A picture has circulated in the media showing a document  (above) apparently written in a spiral by the girl who accused Christian Porter of rape. Once again, Google “writing spiral text psychosis” and in an instant you will come up with a reference to hypergraphia, a behavioural condition described on Wikipedia thus:

There are many accounts of patients writing in nonsensical patterns including writing in a centre-seeking spiral starting around the edges of a piece of paper. In one case study, a patient even wrote backwards, so that the writing could only be interpreted with the aid of a mirror. Some studies have suggested that hypergraphia is related to bipolar disorder, hypomania, and schizophrenia.

If a bipolar person keeps taking their medication they can go for years without experiencing a psychotic episode, but the unfortunate truth is it always returns. Perhaps as a reaction to stress, they stop taking the meds or the dosage becomes insufficient, there will inevitably be another crisis. If there are people close by who recognise the signs they may be able to stave off the worst effects by increasing the dosage of anti-psychotics or getting them to a hospital. Those who live with bipolar sufferers report many similar symptoms to this unfortunate girl’s story:

She starts contacting friends and relatives she has not contacted for years … launches a spending spree on outlandish clothes and colourful baubles …. her room fills up with rubbish and she fills notebooks with page after page of mad confessions and new age psychobabble.

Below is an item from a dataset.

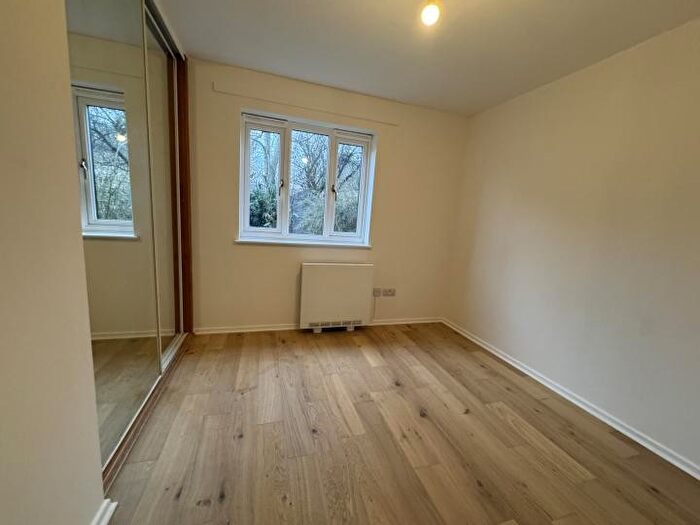 1 Bedroom Flat To Rent In Hanstone Close, Gloucestershire, GL7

Unfortunately, the risk of suicide is 10-30 times higher in those with bipolar disorder than in the general population. There are estimates that somewhere between 20 per cent to 60 per cent of those with bipolar disorder attempt suicide at least once in their lives.

One last tip for that genius from the press corps who questioned how such an elaborate accusation could possibly be a lie. There is also an extensive literature on the link between Compulsive Lying Disorder and bipolar. It shouldn’t take a Clark Kent to do some web-searching and find the connection.